Lifting chapter seven out of the Corporations Act would provide a clear line of demarcation between the lifecycle of companies and consumer protections according to the president of the Australian Law Reform Commission, which has been charged with reviewing the industry’s regulatory framework.

In an May update on the review, ALRC Commissioner and federal court judge Justice Hon. John Middleton revealed that pulling chapter seven out of the Corporations Act was “very much on the table” and that it may be more effective “as a standalone statute”.

Speaking on the side lines at Professional Planner‘s 2021 Licensee Summit last week, ALRC President Hon. Justice Sarah Derrington explained how the commission thinks extracting chapter seven might reduce overall complexity in the Act.

 

“One way it might reduce complexity is to have the Corporations Act as a closed Corporations Act in the sense that it regulates everything from the birth to the death of a company,” Derrington explained.

“All those matters that are currently in chapter seven, which are really the consumer protections obligations, relating to financial services and products, would be in a self-contained piece of legislation,” she continued. “So it becomes very clear where you go to for consumer protection regulation as opposed to where you looking at corporate law in the more corporate sense.”

The Corporations Act has grown from 400,000 words to 800,000 words in 20 years, with chapter seven the most overblown.
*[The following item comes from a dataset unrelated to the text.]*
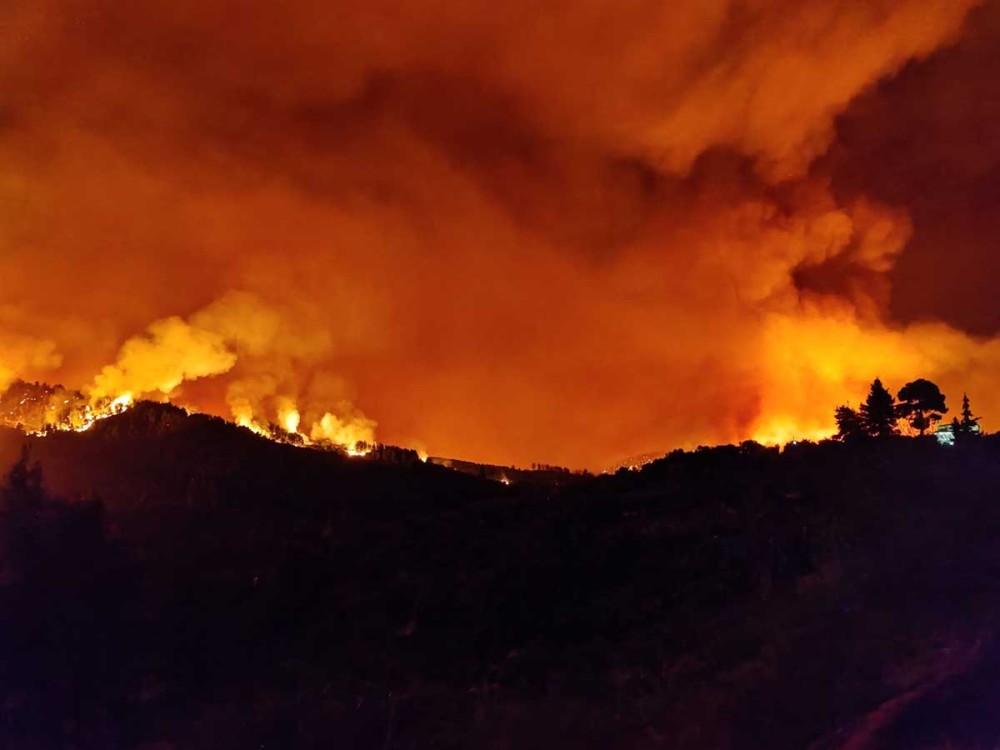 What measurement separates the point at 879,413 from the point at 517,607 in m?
41.9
Chapter seven has “always been too complex”, says ALRC legal officer Nicholas Simoes da Silva. It is the second largest Act in the country and accounts for four per cent of all commonwealth statute law.

Separating chapter seven, which deals solely with financial services and markets, from the rest of the Act, which covers company regulation, would add clarity of purpose to each set of regulations, Derrington explained, thereby aiding navigability and reducing complexity.

“It’s a question of signalling the primary legislation for consumer protection,” she said. “You still have regulations and standards that will sit underneath that, but its purpose will be clear and it gives us a better chance to put the objects and principles and values by which we want to regulate financial advisers front and centre of the new piece of legislation.”

No simple lift-out

If chapter seven is pulled out of the Act, industry observers believe it will likely lead the ALRC to conduct a thorough analysis of whether its foundation – the current licensing system for financial service providers – is best suited for the industry.

The alternative – individual registration for all, including financial advisers – has long been bandied around as an alternative to an AFSL system that places regulatory responsibility on the licensee, instead of the end adviser.

While licensees play an important support role for advisers, some consider the licensing function to be misplaced – including the industry’s largest representative association.

“The FPA strongly supports a model in which registration is the personal responsibility of each financial planner, and is not connected with their employment or authorisation under an AFSL” FPA chief Dante De Gori said in May.

According to Madison Financial head of governance Kerry Thomas, the ALRC could “definitely” recommend changes to the AFSL system.

“If chapter seven is going to come out it won’t be just lifted out as is,” Thomas said.

A long, complicated road

Any proposal by the ALRC to split the Corporations Act and possibly unwind the AFSL system would be just that – a proposal.

Replacing the licensing regime with individual adviser registration would be a mammoth undertaking with a long and complex implementation.

“It’s an opportunity but it would also require stakeholders to get on board, including the government and ASIC,” says Encore Advisory director Tom Reddacliff. “That’s the element I would probably have doubt on.”

The ALRC’s review will produce three interim reports as well as a final consolidated report in November 2023.